Dalam hal ilmu dan amal inilah hendaknya umat Islam saling berlomba-lomba. “Dan untuk yang demikian itu hendaknya orang itu berlomba-lomba.” (QS. al-Muthoffifin: 26) :Untuk hal serupa inilah hendaklah orang-orang yang bekerja itu berusaha.” (QS. ash-Shoffat: 61)

Antusias Para Sahabat dalam Perkara Akhirat

Antusias para sahabat tersebut adalah dalam perkara akhirat, berupa tata cara yang dapat mendekatkan diri kepada Allah dan menjauhkan dari api neraka.
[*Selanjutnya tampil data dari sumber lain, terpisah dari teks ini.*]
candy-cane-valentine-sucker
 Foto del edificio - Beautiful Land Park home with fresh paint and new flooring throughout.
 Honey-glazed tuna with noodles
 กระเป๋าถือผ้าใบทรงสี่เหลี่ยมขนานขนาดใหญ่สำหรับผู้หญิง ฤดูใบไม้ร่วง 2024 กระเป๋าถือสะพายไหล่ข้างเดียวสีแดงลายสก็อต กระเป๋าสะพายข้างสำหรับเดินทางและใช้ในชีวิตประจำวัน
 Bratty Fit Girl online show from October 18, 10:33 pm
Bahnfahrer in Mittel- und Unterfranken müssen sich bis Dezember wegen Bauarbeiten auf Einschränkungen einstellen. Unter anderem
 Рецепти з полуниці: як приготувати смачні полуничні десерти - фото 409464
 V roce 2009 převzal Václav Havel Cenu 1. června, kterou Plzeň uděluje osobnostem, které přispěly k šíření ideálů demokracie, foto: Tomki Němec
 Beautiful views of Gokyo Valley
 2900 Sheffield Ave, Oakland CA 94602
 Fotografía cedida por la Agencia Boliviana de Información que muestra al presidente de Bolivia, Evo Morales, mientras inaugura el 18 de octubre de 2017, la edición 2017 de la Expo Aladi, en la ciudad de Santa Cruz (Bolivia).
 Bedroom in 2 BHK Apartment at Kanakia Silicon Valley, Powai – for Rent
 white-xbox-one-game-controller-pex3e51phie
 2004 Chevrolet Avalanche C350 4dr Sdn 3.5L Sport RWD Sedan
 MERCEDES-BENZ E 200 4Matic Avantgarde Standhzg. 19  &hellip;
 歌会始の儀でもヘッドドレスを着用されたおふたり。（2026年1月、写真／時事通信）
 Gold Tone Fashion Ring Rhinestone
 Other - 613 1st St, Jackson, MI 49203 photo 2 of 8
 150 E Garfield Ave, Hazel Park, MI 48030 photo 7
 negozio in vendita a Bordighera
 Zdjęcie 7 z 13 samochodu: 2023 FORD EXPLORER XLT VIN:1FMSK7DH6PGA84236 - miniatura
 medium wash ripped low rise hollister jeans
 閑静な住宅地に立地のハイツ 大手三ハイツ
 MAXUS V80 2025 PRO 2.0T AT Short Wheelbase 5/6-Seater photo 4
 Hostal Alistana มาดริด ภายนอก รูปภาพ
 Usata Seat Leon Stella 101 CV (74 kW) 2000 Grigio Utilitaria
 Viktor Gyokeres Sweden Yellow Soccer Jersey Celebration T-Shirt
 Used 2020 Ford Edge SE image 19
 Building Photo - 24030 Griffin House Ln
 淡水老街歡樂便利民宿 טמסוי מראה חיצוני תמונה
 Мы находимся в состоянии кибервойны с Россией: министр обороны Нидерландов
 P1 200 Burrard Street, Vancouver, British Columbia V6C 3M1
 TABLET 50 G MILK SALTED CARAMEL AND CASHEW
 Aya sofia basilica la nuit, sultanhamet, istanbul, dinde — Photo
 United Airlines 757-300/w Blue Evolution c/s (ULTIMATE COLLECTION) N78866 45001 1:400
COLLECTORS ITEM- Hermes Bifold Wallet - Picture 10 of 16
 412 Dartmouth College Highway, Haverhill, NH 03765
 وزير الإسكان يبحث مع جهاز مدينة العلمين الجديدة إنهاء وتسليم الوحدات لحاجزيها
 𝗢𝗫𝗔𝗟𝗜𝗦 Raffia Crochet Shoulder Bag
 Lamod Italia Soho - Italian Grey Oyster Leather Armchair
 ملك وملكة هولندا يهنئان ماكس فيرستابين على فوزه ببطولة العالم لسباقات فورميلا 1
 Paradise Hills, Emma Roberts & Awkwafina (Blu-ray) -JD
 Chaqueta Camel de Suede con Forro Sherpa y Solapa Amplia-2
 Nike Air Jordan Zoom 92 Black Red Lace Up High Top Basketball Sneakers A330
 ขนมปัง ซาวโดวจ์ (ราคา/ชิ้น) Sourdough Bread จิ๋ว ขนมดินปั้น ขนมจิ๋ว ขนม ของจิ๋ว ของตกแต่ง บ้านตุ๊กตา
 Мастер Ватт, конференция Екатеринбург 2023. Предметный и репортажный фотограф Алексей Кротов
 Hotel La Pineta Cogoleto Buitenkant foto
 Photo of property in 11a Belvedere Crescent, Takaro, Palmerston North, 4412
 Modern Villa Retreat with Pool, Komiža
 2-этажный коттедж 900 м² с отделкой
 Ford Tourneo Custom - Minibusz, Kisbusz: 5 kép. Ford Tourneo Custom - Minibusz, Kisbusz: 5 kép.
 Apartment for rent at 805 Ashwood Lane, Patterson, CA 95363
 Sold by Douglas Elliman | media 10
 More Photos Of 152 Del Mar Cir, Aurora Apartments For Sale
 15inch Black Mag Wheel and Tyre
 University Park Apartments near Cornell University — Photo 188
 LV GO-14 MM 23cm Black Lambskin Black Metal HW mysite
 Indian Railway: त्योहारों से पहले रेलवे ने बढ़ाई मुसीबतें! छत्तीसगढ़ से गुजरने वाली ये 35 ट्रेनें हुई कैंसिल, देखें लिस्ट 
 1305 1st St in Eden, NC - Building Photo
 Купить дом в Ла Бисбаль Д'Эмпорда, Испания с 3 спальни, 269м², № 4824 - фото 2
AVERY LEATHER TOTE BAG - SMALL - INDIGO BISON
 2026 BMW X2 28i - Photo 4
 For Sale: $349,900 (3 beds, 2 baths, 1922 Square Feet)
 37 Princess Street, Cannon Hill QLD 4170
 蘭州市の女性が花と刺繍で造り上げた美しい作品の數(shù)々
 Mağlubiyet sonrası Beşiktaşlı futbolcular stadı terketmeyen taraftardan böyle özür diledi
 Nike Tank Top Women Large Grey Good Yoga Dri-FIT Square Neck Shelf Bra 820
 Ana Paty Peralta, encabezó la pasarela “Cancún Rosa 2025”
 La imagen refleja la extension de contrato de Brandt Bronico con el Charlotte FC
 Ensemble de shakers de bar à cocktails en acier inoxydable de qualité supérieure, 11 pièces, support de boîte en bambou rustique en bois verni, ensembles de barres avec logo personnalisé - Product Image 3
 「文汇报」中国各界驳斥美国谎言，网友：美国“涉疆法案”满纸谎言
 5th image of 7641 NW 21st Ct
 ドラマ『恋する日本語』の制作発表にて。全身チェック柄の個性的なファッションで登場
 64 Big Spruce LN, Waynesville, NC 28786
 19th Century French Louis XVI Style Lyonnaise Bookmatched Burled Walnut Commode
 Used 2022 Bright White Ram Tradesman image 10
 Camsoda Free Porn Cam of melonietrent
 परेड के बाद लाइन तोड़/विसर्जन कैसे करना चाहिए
Sehingga mereka dapat menggapai derajat yang tinggi sebagai mana yang telah dicapai oleh orang-orang yang berada. Inilah sebab sanjungan dan pujian Allah ta’ala kepada mereka, sebab datangnya kemenangan dan kemuliaan bagi mereka.

Kita juga dapat mengetahui bagaimana semangat para sahabat dalam bertanya perkara agama kepada Rasulullah shallallahu ‘alaihi wa sallam. Sehingga banyak ayat-ayat al-Qur`an yang turun lantaran pertanyaan para sahabat. Atau pula hadis yang keluar dari lisan mulia Rasulullah shallallahu ‘alaihi wa sallam setelah ditanyakan oleh para sahabat. Akan tetapi semangat dan antusias para sahabat tersebut adalah dalam urusan akhirat atau urusan agama. Adapun dalam urusan dunia, mereka tidak begitu antusias untuk memperolehnya.

Maka itu, ulama menjelaskan bahwa berlomba-lomba dalam urusan dunia adalah tercela. Sebab, bila seorang hamba melampaui batas di dalamnya, maka hal itu dapat menjadi sebab kebinasaan dan kelemahan. Rasulullah shallallahu ‘alaihi wa sallam menyampaikan:

فَوَاللهِ، مَاالْفَقْرُ أَخْشَى عَلَيْكُمْ، وَلَكِنِّيْ أَخْشَى أَنْ تُبْسَطَ الدُّنْيَا عَلَيْكُمْ كَمَا بُسِطَتْ عَلَى مَنْ كَانَ قبْلَكُمْ، فَتَنَافَسُوْهَا كَمَا تَنَافَسُوْهَا، فَتُهْلِكُكُمْ كَمَا أَهْلَكَتْهُمْ

Demi Allah, bukan kefakiran yang aku khawatirkan akan menimpa kalian, namun aku khawatir bila dunia ini dihamparkan kepada kalian sebagaimana telah dihamparkan kepada orang-orang sebelum kalian, kemudian kalian saling berlomba-lomba untuk mendapatkannya sebagaimana orang-orang sebelum kalian berlomba-lomba, sehingga dunia ini dapat membinasakan kalian sebagaimana telah membinasakan orang-orang sebelum kalian. (HR. al-Bukhari dan Muslim)

Ghibtoh

Seseorang boleh berangan-angan atau berharap untuk memiliki apa yang dimiliki oleh orang lain tanpa menginginkan hal itu hilang dan lenyap dari orang itu. Keinginan seperti ini ulama sebut dengan istilah ghibtoh.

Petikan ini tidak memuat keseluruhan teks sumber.